Only Congress may make the deliberate and reasoned decision to enact new or modified legislation regarding firearms based on the important policy concerns put forth by ATF and the various amici here. But unless and until Congress so acts to expand or alter the language of the Gun Control Act, ATF must operate within the statutory text’s existing limits. The Final Rule impermissibly exceeds those limits, such that ATF has essentially rewritten the law. This it cannot do, especially where criminal liability can—and, according to the Government’s own assertions, will—be broadly imposed without any Congressional input whatsoever. An agency cannot label conduct lawful one day and felonious the next—yet that is exactly what ATF accomplishes through its Final Rule.
Elsewhere in the ruling, the judge observed, “After almost fifty years of uniform regulation, ATF, via the Final Rule, now purports to expand the terms ‘frame’ and ‘receiver,’ as they were understood in 1968, to include changes in firearms in modern times. But the meanings of statutes do not change with the times…ATF’s inclusion now of “partially complete, disassembled, or nonfunctional” frames and receivers materially deviates from past definitions of these words to encompass items that were not originally understood to fall within the ambit of the GCA…As such, the proposed definition is an impermissible extension of the statutory text approved by Congress.”
A couple of pages later, Judge Engelhardt bluntly states:
There is also a clear logical flaw in ATF’s proposal. As written, the Final Rule states that the phrase “frame or receiver” includes things that are admittedly not yet frames or receivers but that can easily become frames or receivers—in other words: parts. As the district court put it, under the Final Rule, “ATF may properly regulate a component as a ‘frame or receiver’ even after ATF determines that the component in question is not a frame or receiver.”…Such a proposition defies logic: ‘a part cannot be both not yet a receiver and a receiver at the same time.’
Then comes Judge Oldham’s concurring opinion, and he quickly cuts to the heart of what appears to be the intent of ATF’s change of the rule.
ATF’s overarching goal in the Final Rule is to replace a clear, bright line rule with a vague, indeterminate, multi-factor balancing test,” Judge Oldham stated. “ATF’s rationale: The new uncertainty will act like a Sword of Damocles hanging over the heads of American gun owners. Private gunmaking is steeped in history and tradition, dating back to long before the Founding. Millions of law-abiding Americans work on gun frames and receivers every year. In those pursuits, law-abiding Americans (and the law-abiding gun companies that serve them) rely on longstanding regulatory certainty to avoid falling afoul of federal gun laws. But if ATF can destroy that certainty, it hopes law-abiding Americans will abandon tradition rather than risk the ruinous felony prosecutions that come with violating the new, nebulous, impossible-to-predict Final Rule. (Emphasis added.)

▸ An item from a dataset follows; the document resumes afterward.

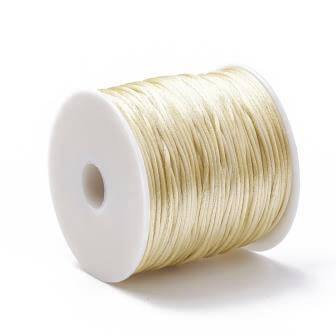 Rattenschwanzschnur BEIGE 1mm (3m)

A few pages later, in his recounting of the 1968 GCA’s history, Oldham wrote:
Congress has done nothing to change the statutory definition of “firearm” or “frame or receiver” since 1968. And for 54 years, the regulatory text stayed the same too. Then in 2022, without any direction or authorization from Congress, ATF changed everything.
This all happened on President Joe Biden’s watch, and many in the firearms community are convinced this rule change is just another manifestation of the president’s war on guns, which has been going on since he arrived inside the Beltway 50 years ago.
Biden is a perennial gun prohibitionist, and with each setback in court, he seems to double down. As the country heads into 2024, it remains to be seen just how far the Biden administration will push its agenda of citizen disarmament.